On Sept. 1, Western District of Washington Magistrate Judge Kate Vaughan withdrew another judge’s recommendation to force the jail inmates to refile their cases individually and ordered court officials to search for attorneys to work on the case pro bono.
Echo Wolfclan is the lead plaintiff and organized the proposed class action from the jail’s mental health unit. Pierce County previously settled a similar complaint filed by Wolfclan in 2021 about raw sewage overflow for $33,000. Vaughan also worked on that case, which uncovered a 2014 engineering report that recommended replacing the jail's toilets and other plumbing due to the potential for overflowing sewage.
“Our voices really don't get heard inside, behind those bars, behind the walls. And I'm really glad that they reversed the recommendation of the last judge,” Wolfclan said.
Inmates represent themselves in more than 90% of prisoner civil rights complaints, according to recent data in the legal textbook, Incarceration and the Law. Less than 15% of those cases succeed whether or not the inmate has an attorney. Pro bono attorneys are only appointed in “exceptional circumstances.”

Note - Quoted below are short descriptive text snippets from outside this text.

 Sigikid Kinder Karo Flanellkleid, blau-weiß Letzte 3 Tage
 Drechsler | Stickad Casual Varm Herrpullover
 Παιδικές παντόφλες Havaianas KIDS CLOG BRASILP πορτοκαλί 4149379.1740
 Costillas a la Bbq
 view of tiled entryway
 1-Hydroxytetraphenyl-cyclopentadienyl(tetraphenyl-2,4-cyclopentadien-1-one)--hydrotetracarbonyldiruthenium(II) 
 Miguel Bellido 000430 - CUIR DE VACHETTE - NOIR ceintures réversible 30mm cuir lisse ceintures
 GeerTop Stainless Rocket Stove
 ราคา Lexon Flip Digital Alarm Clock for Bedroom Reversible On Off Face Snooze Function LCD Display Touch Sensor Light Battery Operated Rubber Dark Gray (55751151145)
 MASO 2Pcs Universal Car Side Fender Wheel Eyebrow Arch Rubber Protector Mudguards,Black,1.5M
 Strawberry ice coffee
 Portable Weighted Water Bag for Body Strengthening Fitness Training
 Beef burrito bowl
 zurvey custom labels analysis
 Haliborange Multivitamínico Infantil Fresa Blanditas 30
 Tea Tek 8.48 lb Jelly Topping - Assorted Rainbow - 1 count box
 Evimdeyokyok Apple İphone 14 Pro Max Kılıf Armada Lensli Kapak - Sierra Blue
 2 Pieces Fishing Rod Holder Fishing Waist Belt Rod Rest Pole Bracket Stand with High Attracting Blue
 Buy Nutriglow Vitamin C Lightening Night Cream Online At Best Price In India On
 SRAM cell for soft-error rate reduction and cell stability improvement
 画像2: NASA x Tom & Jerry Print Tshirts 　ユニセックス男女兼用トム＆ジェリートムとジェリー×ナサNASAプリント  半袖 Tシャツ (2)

Wolfclan said it was difficult advocating for so many inmates as jail officials moved him between different areas of the facility.
“I knew that some of those inmates weren't going to be able to continue to file or continue to update court about the situation because they don't necessarily know right from wrong from where they were at that point in time,” Wolfclan said.
The Pierce County Sheriff’s Department, which operates the jail, did not respond to two requests for comment about repairs to plumbing in the jail.
A legislative task force is scheduled to make new recommendations for statewide jail oversight and inspections in October.